Work instructions
Your answer should be a single number: how many lines in the data below hold the string "Adidas".

Extracted data
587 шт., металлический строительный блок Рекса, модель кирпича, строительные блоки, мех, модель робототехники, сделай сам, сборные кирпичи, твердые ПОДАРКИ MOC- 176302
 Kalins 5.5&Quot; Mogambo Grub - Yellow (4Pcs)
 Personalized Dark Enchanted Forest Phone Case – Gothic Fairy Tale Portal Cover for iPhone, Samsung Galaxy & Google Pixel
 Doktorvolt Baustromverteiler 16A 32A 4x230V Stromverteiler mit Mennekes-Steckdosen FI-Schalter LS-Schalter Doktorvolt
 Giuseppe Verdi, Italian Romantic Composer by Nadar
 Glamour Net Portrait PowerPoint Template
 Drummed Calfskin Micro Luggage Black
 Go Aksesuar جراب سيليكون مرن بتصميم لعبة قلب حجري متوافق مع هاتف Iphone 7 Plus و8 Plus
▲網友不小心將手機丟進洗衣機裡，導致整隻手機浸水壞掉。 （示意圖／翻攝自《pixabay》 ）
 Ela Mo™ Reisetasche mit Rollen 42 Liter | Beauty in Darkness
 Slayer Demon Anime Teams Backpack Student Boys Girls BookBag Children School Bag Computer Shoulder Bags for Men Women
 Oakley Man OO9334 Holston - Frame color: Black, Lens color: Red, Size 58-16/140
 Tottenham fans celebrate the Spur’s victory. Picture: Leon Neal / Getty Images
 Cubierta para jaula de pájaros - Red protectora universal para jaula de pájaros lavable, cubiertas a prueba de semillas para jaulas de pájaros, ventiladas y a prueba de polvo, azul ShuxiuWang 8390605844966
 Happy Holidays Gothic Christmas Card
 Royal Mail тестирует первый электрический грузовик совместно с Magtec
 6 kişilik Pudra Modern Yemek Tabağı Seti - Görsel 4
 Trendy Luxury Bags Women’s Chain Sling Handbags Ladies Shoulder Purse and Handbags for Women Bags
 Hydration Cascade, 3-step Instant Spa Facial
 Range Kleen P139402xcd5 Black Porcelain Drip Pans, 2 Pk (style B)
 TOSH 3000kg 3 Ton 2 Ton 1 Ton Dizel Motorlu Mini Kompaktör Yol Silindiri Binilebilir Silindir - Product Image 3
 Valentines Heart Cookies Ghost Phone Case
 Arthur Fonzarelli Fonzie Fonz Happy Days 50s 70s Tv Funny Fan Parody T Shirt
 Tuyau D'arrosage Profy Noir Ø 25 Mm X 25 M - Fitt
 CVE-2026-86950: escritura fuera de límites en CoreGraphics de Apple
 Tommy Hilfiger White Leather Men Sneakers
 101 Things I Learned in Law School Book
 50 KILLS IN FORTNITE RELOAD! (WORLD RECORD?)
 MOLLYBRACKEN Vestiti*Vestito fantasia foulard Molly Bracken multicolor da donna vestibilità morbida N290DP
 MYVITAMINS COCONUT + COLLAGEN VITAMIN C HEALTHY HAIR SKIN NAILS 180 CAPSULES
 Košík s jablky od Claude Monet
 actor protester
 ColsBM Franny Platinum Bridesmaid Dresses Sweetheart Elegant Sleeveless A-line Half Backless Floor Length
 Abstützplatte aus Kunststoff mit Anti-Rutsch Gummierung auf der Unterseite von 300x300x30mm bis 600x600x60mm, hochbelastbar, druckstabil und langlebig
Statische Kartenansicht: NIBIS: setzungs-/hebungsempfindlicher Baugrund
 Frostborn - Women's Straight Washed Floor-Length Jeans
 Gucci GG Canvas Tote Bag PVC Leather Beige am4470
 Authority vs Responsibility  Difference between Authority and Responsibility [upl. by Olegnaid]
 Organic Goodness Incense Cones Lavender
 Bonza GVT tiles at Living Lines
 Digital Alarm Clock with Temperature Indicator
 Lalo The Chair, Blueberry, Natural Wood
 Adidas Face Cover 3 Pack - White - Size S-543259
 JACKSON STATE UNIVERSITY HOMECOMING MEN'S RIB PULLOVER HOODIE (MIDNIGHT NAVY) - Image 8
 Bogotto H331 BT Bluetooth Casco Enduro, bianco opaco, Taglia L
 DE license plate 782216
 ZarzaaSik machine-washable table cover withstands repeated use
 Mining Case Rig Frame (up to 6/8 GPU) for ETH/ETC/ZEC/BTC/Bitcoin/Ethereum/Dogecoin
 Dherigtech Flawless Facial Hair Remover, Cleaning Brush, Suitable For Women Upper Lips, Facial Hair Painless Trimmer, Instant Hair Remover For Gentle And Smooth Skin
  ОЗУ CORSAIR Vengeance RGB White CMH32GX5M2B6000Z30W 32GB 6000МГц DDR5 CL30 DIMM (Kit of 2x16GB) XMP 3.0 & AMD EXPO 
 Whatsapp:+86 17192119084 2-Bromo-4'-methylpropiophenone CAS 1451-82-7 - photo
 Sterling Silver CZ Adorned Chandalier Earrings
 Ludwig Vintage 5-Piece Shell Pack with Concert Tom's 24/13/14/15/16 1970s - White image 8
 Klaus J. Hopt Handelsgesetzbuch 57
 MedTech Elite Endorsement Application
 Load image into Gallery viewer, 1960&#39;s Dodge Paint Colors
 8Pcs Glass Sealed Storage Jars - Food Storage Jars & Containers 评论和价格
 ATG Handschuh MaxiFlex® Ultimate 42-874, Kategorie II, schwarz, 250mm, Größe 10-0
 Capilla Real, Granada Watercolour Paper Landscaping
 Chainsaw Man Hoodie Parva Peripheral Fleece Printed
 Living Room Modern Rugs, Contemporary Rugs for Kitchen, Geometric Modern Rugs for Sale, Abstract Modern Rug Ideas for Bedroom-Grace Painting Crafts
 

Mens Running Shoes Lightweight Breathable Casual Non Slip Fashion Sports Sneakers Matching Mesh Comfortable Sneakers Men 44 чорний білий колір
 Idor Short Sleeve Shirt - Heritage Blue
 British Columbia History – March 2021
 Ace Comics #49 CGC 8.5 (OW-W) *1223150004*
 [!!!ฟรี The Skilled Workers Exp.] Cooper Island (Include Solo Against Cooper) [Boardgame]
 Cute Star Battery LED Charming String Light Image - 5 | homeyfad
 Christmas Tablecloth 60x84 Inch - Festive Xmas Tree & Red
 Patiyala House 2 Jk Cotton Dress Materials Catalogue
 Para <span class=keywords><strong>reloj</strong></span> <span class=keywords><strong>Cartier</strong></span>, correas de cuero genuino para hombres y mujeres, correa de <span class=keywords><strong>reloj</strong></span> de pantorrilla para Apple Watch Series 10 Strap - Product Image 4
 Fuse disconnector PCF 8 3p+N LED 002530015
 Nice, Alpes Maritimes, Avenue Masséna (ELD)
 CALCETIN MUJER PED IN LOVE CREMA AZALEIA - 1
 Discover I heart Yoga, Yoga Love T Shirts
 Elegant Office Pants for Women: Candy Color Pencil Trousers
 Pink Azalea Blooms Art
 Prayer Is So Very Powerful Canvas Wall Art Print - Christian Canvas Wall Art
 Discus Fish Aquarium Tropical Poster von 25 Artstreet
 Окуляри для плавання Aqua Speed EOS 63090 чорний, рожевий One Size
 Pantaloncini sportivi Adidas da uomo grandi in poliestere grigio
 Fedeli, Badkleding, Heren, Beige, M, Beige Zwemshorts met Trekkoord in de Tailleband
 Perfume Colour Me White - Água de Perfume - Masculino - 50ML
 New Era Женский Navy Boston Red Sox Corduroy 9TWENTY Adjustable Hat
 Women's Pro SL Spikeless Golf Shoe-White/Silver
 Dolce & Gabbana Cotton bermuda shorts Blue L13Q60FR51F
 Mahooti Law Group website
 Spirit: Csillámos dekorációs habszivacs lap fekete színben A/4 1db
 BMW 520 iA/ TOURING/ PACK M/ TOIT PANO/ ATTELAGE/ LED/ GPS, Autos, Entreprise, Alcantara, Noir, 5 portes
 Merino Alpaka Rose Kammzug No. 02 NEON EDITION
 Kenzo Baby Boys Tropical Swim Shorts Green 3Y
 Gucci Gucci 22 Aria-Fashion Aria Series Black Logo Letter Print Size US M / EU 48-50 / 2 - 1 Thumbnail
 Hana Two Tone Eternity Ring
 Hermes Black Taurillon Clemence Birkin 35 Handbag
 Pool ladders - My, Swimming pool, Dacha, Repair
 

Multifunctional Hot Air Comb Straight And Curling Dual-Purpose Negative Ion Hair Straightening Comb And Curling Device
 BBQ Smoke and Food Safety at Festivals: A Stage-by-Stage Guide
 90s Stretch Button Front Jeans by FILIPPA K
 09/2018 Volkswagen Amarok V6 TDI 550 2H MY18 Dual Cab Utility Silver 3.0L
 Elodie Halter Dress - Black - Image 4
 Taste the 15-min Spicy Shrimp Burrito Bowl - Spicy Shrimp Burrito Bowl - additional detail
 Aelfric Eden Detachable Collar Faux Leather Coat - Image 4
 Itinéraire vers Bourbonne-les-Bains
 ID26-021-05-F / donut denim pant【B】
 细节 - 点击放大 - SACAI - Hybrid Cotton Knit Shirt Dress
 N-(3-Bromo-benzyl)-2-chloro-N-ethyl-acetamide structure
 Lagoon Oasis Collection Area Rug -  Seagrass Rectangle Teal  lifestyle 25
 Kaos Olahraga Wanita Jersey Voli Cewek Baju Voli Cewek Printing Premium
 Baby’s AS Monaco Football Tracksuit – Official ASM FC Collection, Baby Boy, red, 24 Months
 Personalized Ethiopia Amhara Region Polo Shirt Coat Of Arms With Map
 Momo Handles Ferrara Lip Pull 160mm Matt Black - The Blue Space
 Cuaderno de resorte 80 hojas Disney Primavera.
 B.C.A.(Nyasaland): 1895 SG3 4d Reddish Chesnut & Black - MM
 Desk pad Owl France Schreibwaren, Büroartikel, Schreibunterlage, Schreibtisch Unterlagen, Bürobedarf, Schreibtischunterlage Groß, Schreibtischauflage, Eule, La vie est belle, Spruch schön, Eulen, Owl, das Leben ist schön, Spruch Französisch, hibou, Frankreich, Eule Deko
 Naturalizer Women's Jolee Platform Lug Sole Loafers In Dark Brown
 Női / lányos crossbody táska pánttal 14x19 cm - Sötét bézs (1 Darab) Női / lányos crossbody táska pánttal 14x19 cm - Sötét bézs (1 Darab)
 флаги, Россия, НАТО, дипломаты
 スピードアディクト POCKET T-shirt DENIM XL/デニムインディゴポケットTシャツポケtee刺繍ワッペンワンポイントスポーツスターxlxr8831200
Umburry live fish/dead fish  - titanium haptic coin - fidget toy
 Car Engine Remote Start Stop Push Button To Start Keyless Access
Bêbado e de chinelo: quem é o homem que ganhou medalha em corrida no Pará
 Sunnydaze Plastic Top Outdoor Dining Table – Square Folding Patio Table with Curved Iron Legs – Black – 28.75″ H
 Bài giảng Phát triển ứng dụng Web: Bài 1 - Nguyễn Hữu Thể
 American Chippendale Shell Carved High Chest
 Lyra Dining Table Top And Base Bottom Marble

Response
2